Evidence indicates that cAMP induces apoptosis in granulosa cells of rat and human ovary. The mechanism by which cAMP induces apoptosis is not known. This study was carried out to evaluate changes in expression of cell death promoters, P53 and bax, and cell death repressor, bcl-2, in cAMP-treated granulosa cells. Treatment of granulosa cells with forskolin (FSK), or 8-bromo-cAMP induced apoptosis as evidenced by internucleosomal DNA fragmentation and chromatin condensation as revealed by gel electrophoresis and fluorescent DAPI staining, respectively.
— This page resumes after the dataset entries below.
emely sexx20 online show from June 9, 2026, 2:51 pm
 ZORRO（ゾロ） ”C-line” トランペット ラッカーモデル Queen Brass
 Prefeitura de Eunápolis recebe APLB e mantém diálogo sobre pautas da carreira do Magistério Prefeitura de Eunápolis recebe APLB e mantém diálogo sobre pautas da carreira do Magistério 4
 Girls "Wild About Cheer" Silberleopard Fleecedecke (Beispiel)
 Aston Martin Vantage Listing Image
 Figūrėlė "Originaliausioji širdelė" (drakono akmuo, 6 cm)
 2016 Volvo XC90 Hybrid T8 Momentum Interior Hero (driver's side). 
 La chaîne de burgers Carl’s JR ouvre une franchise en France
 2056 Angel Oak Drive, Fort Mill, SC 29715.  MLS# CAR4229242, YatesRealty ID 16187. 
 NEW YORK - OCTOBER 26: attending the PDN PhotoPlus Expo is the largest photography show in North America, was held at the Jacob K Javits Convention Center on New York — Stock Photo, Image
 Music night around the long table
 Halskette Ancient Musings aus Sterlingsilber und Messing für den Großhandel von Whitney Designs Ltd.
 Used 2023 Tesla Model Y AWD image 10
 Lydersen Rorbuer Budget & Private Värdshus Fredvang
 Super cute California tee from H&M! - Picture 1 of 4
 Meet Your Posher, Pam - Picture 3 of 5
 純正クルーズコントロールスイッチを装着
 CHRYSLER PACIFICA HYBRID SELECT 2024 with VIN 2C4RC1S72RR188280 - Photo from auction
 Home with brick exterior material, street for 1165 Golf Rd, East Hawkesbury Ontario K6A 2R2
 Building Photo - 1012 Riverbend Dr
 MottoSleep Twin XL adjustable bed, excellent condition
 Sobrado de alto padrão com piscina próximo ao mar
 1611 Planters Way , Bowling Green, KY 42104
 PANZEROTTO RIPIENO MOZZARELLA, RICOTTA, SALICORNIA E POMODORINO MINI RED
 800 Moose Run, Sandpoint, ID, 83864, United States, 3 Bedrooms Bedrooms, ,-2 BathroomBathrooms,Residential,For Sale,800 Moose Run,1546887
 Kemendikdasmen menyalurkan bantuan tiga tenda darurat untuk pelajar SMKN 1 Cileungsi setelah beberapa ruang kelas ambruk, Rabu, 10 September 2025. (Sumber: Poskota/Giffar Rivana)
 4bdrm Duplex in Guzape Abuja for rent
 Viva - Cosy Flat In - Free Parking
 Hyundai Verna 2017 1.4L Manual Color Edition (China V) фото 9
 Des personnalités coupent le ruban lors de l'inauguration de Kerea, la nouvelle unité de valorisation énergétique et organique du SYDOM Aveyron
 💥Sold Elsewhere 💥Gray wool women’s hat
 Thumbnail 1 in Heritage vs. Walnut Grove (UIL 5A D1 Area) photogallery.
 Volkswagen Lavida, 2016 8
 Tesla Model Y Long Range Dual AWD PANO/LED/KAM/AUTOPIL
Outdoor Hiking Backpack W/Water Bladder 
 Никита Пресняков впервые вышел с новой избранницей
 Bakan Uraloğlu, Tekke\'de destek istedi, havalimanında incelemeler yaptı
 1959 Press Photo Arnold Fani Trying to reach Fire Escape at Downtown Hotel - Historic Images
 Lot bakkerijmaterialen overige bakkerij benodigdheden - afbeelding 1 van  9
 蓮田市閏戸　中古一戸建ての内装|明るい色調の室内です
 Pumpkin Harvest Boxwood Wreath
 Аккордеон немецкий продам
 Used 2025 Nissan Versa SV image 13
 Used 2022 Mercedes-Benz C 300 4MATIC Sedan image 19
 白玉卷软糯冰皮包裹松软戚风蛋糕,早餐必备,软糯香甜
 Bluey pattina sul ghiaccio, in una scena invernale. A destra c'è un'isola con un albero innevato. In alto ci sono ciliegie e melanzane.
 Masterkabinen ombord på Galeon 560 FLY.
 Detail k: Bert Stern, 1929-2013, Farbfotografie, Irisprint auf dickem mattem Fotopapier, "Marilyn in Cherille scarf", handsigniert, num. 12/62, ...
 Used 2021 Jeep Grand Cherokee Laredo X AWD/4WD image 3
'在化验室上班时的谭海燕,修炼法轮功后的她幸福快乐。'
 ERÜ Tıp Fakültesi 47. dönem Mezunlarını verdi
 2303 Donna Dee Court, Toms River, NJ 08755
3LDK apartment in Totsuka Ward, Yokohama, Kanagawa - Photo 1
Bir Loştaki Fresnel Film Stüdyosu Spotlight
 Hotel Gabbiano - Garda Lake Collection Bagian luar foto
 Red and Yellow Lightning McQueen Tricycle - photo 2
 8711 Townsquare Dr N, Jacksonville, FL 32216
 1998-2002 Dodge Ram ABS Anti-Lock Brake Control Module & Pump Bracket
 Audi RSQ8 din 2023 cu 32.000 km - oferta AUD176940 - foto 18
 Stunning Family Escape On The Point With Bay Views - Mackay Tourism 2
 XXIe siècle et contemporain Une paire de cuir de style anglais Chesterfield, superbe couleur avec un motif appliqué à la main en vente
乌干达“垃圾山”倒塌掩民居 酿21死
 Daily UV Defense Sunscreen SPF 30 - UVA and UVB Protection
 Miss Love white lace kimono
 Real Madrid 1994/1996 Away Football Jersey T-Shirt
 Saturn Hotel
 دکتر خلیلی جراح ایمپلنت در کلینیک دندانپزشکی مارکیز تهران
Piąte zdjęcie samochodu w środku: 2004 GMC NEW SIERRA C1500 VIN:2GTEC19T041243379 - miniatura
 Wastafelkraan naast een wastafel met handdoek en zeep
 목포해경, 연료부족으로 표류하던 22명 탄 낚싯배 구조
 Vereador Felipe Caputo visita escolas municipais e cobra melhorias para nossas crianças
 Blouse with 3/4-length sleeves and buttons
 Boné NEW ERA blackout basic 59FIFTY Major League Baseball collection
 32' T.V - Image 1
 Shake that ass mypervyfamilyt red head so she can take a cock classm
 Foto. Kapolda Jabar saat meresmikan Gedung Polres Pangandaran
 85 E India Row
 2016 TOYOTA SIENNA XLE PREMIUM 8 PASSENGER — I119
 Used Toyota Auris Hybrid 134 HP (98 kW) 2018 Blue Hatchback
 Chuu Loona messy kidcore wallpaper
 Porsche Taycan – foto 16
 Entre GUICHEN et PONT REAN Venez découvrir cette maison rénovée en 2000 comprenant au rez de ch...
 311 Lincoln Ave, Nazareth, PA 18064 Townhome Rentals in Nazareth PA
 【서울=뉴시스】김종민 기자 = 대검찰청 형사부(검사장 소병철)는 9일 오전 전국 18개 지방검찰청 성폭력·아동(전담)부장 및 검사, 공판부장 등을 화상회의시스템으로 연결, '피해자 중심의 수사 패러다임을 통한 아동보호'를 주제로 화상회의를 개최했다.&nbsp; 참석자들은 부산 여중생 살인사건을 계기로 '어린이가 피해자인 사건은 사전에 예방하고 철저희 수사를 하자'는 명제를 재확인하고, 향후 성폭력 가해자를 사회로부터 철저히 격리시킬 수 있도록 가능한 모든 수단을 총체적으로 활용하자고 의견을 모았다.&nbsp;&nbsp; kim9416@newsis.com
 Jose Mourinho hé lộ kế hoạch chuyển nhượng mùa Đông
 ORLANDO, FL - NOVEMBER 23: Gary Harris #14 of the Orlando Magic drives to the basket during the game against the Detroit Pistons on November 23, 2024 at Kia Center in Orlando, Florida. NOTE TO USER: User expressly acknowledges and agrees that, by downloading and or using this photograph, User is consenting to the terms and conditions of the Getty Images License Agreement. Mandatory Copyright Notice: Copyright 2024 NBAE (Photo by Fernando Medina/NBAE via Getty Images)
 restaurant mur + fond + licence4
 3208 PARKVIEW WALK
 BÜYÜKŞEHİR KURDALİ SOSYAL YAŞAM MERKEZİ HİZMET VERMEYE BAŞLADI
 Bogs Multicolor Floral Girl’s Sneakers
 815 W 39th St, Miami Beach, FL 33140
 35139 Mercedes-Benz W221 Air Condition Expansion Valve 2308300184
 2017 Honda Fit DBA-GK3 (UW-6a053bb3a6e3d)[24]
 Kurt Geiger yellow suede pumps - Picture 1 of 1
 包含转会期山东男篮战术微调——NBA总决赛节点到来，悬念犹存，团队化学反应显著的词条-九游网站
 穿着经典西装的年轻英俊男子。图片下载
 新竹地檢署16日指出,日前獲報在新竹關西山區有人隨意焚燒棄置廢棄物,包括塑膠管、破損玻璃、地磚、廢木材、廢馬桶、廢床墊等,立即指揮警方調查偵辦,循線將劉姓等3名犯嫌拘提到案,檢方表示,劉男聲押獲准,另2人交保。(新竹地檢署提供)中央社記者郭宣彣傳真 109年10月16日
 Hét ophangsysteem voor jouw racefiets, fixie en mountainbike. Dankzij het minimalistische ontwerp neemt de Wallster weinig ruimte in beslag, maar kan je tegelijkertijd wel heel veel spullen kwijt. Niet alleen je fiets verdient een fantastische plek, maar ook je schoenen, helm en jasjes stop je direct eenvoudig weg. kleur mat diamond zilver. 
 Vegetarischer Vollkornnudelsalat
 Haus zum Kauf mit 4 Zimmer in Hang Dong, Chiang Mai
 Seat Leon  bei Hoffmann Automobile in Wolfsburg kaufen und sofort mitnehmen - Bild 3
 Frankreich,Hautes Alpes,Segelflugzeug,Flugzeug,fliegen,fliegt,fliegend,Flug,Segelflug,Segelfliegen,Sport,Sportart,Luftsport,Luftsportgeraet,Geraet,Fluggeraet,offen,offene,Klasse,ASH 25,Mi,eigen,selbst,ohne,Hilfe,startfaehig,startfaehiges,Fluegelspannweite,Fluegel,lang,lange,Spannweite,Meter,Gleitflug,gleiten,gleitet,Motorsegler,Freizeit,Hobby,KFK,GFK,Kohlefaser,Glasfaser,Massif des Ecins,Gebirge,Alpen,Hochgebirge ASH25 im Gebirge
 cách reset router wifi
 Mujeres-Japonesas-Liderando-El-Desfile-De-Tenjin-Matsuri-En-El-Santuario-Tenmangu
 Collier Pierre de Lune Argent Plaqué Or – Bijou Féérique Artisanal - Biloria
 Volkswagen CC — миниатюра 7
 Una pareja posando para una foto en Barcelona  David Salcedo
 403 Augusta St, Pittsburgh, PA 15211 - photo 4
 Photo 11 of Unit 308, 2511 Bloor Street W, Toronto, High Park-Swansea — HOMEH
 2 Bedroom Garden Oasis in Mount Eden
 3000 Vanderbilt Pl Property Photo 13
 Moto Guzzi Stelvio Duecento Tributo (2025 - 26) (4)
The apoptotic effect of cAMP was accompanied by an increase in the expression of P53 and bax proteins as evaluated by Western blot and immunocytochemistry. No change in bcl-2 protein level was observed in cAMP-treated granulosa cells as compared to control. These data suggest that cAMP may activate apoptosis in granulosa cells by shifting the ratio of the death promoter to death repressor genes via alteration of P53 and bax expression. cAMP was also shown to inhibit gene expression of clusterin, an apoptosis-associated protein, suggesting a role for this protein in cAMP-induced apoptosis in granulosa cells. The data of the present study provide a basis for future studies to elucidate the molecular mechanism of follicular atresia and regulation of apoptotic cell death in ovarian follicles.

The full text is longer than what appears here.